Он старше меня, старше на двенадцать лет, и это все же немало, – но существенной разницы в возрасте мы никогда с ним не ощущали, ни к чему нам была она.

Лишь изредка подразумевалась эта разница, больше – в житейских, практических вопросах, а точнее, пожалуй, только в них, но никак – не в творческих, – да и то мы ее вроде как, по обоюдному, внутреннему, не сформулированному в словах, как некое правило поведения, соглашению, стирали, скидывали со счетов, чтобы не мешала нам общаться.

Ему важно было, ему крайне важно было знать, что я постоянно работаю, духовно совершенствуюсь, двигаюсь все вперед, со ступеньки на ступеньку, по какой-то, незримой для других, но прозреваемой им, ведущей в будущее лестнице, все выше, целенаправленно, упрямо, иногда и рывками, сразу наверстывая порой по каким-то причинам ранее упущенное, время, что постепенно, с годами, начинал я осознавать, все более и более отчетливо, что время это – действительно дорого, и осознал-таки это наконец, с полной ясностью для себя, и уже не выбивался из особого своего, рабочего, творческого, ритма, что я неизменно верен призванию своему, что я – пишу.

Ему важно было, что я, пусть изредка, пусть и с перерывами, иногда и длительными, но все же периодически вижусь с ним, нахожусь с ним рядом.

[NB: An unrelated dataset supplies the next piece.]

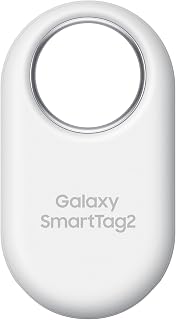 Samsung SmartTag2 (2023) Bluetooth + UWB, IP67 Water and Dust Resistant, Findable via App, 1.5 Year Battery Life - White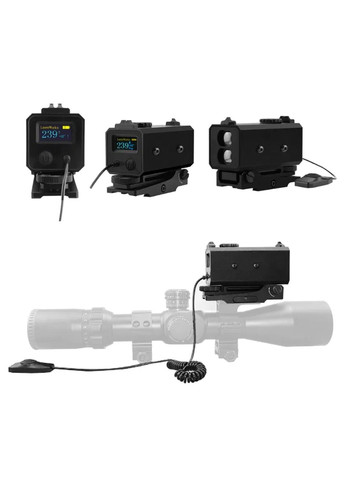 Портативний лазерний далекомір Охота LE032 до 1200м No Brand (331639411)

Чутьем на подлинное в искусстве обладает он – фантастическим. Сам не промах в этом, сколько раз убеждался я, что его суждения и оценки – верны. Более того: он умеет видеть – наперед. Умеет в зерне разглядеть – грядущие всходы. Чует все это. И это – дар, которого напрочь лишены многочисленные наши литературоведы, искусствоведы и прочий подобный люд, каковому, казалось бы, по роду занятий полагается иметь хоть нечто подобное.